European regulators published a timeline earlier this month in which they granted non-clearing firms 18 months relief from the implementation of the rules later this year.
The requirements will come four years later than the G20 countries had initially planned and three years after the US introduced a similar phase-in approach.
John Nicholas, global head of new regulation monitoring and implementation at Newedge, believes Europe’s regulators have learned from some of the issues the Commodity Futures Trading Commission (CFTC) had introducing its own equivalent requirements.
“There clearly was a conscious effort to track to a certain extent what was done under Dodd-Frank,” he said.
“I believe this was done to give market participants ample time to set up OTC clearing as not everybody who trades OTC swaps currently has a clearing member.”
Once the European Securities and Markets Association (ESMA) finalises its rules, clearing firms will have six months and non-financial firms will have three years to comply.
The buy-side will have until 2016 to begin centrally clearing OTC derivatives after ESMA described them as ‘the most heterogeneous’ in terms of types of counterparties.
The regulator said the date would provide ‘sufficient flexibility for all counterparties including those who are less active in the market and whose legal and operational capacities are less sophisticated’.
The rules will cover interest rate and credit default swaps, however which specific instruments will be subjected to the changes are still being decided.
In order to prepare for the deadline, buy-side firms trading the products will need to begin searching for a clearing broker.
Nicholas added that this can be a long process, which could have been part of the reason ESMA gave firms so much time to meet the requirements.

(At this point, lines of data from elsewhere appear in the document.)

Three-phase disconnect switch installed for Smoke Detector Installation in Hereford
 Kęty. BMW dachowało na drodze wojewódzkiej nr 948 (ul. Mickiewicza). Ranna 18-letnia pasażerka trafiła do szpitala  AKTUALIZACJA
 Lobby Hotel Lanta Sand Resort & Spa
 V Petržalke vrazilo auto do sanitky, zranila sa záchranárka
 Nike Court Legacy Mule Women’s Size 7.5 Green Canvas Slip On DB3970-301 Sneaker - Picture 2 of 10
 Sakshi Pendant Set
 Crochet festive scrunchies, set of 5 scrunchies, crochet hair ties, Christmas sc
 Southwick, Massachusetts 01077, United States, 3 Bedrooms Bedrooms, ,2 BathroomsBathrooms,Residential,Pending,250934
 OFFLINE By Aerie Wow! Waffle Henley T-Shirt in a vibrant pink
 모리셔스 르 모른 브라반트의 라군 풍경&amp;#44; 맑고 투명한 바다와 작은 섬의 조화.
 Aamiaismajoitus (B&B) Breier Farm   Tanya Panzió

“Unlike in the US, where most of the big buy-side firms already have clearing relationships, it is different in Europe where even some of the bigger entities don’t currently have clearing relationships.
“It takes time to select a clearing firm, put documentation in place, get approvals from a risk and credit point of view on both sides – the clearing firm and the customer. That is probably why they did provide the longer implementation period.”
In contrast to the European timeline, each US category was only three months apart, with the rules coming into effect for swap dealers on 11 March, for buy-side firms in June and all others in September 2013.
When issues arose around the process the CFTC handed out no-action letters granting relief to a number of counterparties.
In Europe, regulators do not have the same power, meaning when the rules come into force there will be no exceptions.
ESMA has also given itself the ability to extend consultation periods, therefore giving itself more flexibility and chance of successfully implementing the sweeping new rules into the market.
The extra time allows for adequate preparation for all firms involved, something ESMA recognised from observing their counterparts across the Atlantic.